■ **WHAT IS REQUIRED**
Among the lines below, restate word for word only those from the line with "en cualquier caso" through the line with "WWW: (World Wide", with both end lines kept.

(Captioned web images)
────────

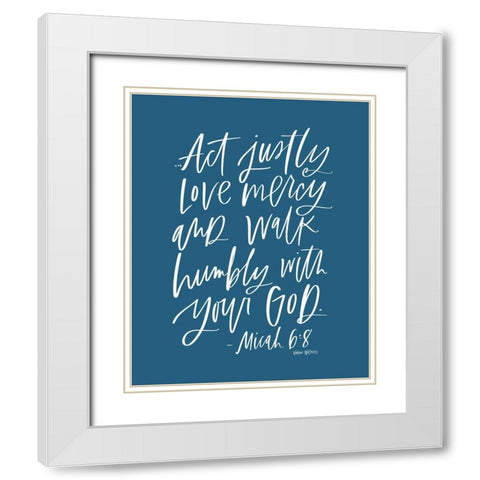 Act Justly White Modern Wood Framed Art Print with Double Matting by Wieners, Valerie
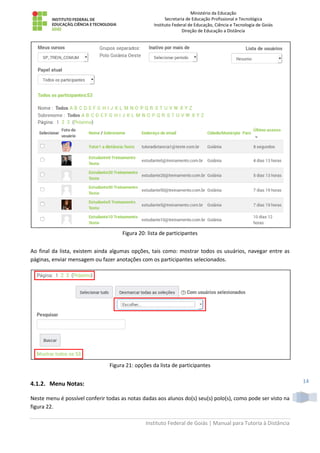 Ministério da Educação
Secretaria de Educação Profissional e Tecnológica
Instituto Federal de Educação, Ciência e Tecnologia de Goiás
Direção de Educação a Distância
Instituto Federal de Goiás | Manual para Tutoria à Distância
14
Figura 20: lista de participantes
Ao final da lista, existem ainda algumas opções, tais como: mostrar todos os usuários, navegar entre as
páginas, enviar mensagem ou fazer anotações com os participantes selecionados.
Figura 21: opções da lista de participantes
4.1.2. Menu Notas:
Neste menu é possível conferir todas as notas dadas aos alunos do(s) seu(s) polo(s), como pode ser visto na
figura 22.
 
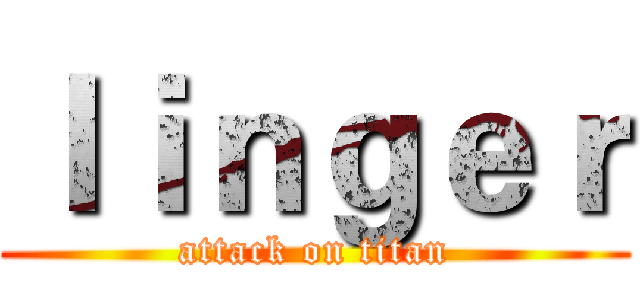 ｌｉｎｇｅｒ (attack on titan)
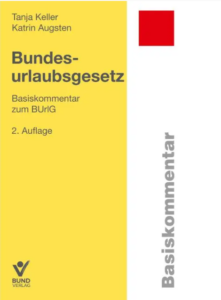 Bundesurlaubsgesetz Basiskommentar zum BUrlG, 2. Auflage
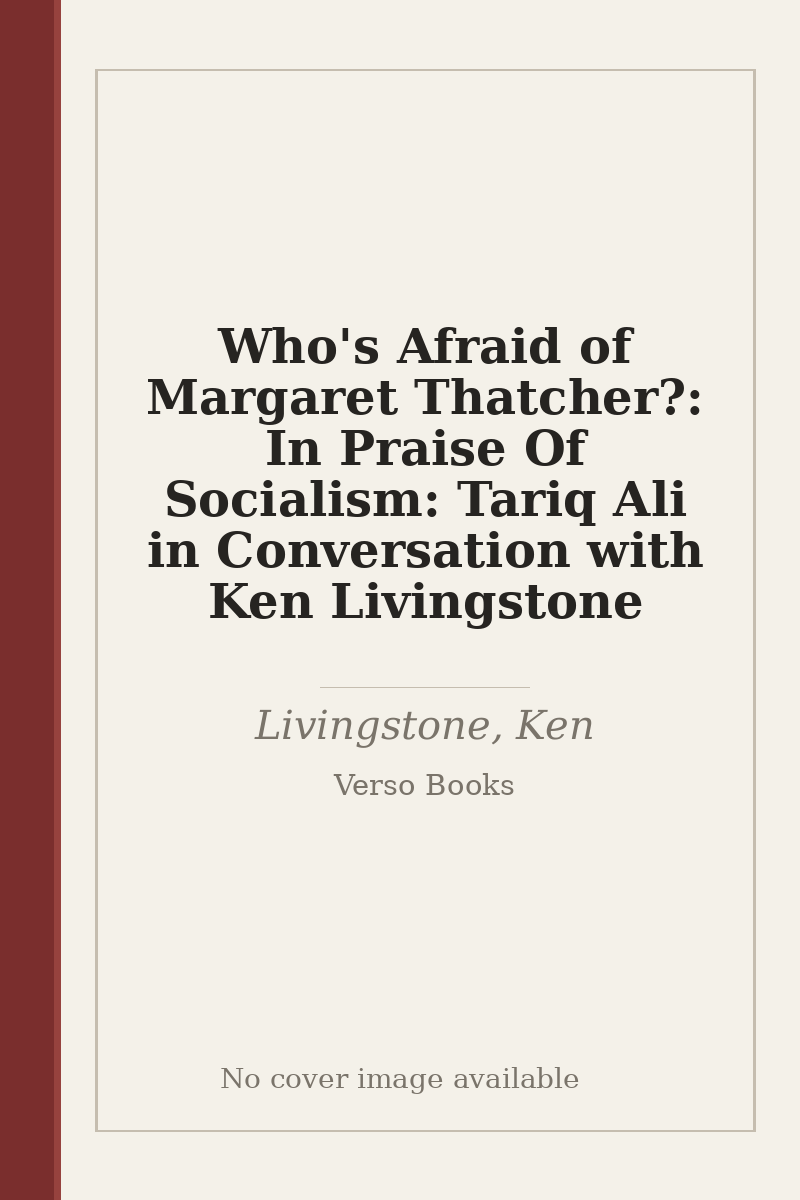 Who's Afraid of Margaret Thatcher?: In Praise Of Socialism: Tariq Ali in Conversation with Ken Livingstone - no cover image available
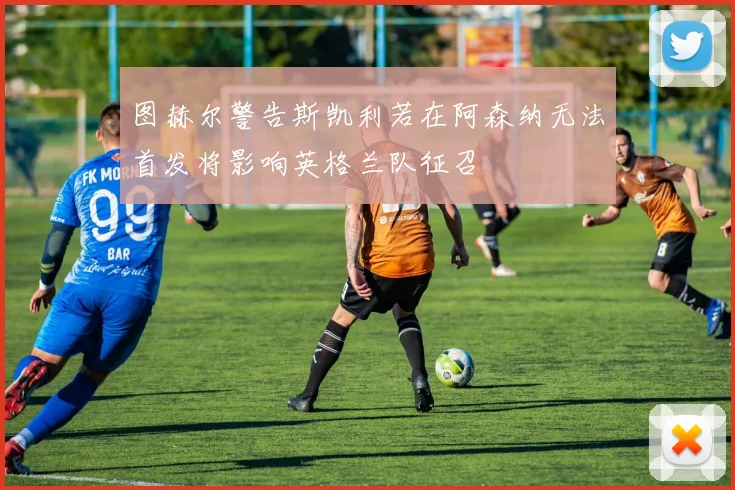 图赫尔警告斯凯利若在阿森纳无法首发将影响英格兰队征召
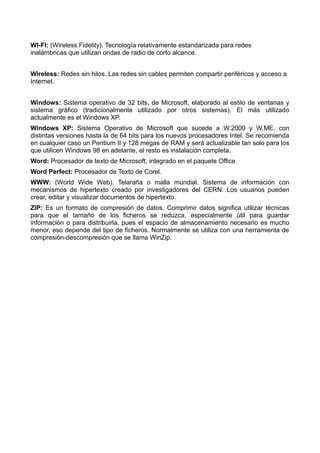 WI-FI: (Wireless Fidelity). Tecnología relativamente estandarizada para redes 
inalámbricas que utilizan ondas de radio de corto alcance. 
Wireless: Redes sin hilos. Las redes sin cables permiten compartir periféricos y acceso a 
Internet. 
Windows: Sistema operativo de 32 bits, de Microsoft, elaborado al estilo de ventanas y 
sistema gráfico (tradicionalmente utilizado por otros sistemas). El más utilizado 
actualmente es el Windows XP. 
Windows XP: Sistema Operativo de Microsoft que sucede a W.2000 y W.ME, con 
distintas versiones hasta la de 64 bits para los nuevos procesadores Intel. Se recomienda 
en cualquier caso un Pentium II y 128 megas de RAM y será actualizable tan solo para los 
que utilicen Windows 98 en adelante, el resto es instalación completa. 
Word: Procesador de texto de Microsoft, integrado en el paquete Office. 
Word Perfect: Procesador de Texto de Corel. 
WWW: (World Wide Web). Telaraña o malla mundial. Sistema de información con 
mecanismos de hipertexto creado por investigadores del CERN. Los usuarios pueden 
crear, editar y visualizar documentos de hipertexto. 
ZIP: Es un formato de compresión de datos. Comprimir datos significa utilizar técnicas 
para que el tamaño de los ficheros se reduzca, especialmente útil para guardar 
información o para distribuirla, pues el espacio de almacenamiento necesario es mucho 
menor, eso depende del tipo de ficheros. Normalmente se utiliza con una herramienta de 
compresión-descompresión que se llama WinZip. 
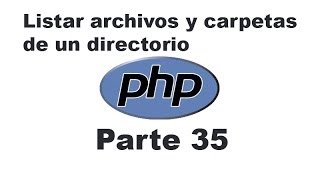 Curso de PHP 35  Listar archivos y carpetas de un directorio [upl. by Meenen]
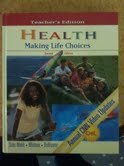 Teacher's Edition (Health Making Life Choices) [Hardcover] Sizer-Webb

────────

■ **ANSWER AREA**
en cualquier caso un Pentium II y 128 megas de RAM y será actualizable tan solo para los 
que utilicen Windows 98 en adelante, el resto es instalación completa. 
Word: Procesador de texto de Microsoft, integrado en el paquete Office. 
Word Perfect: Procesador de Texto de Corel. 
WWW: (World Wide Web). Telaraña o malla mundial. Sistema de información con 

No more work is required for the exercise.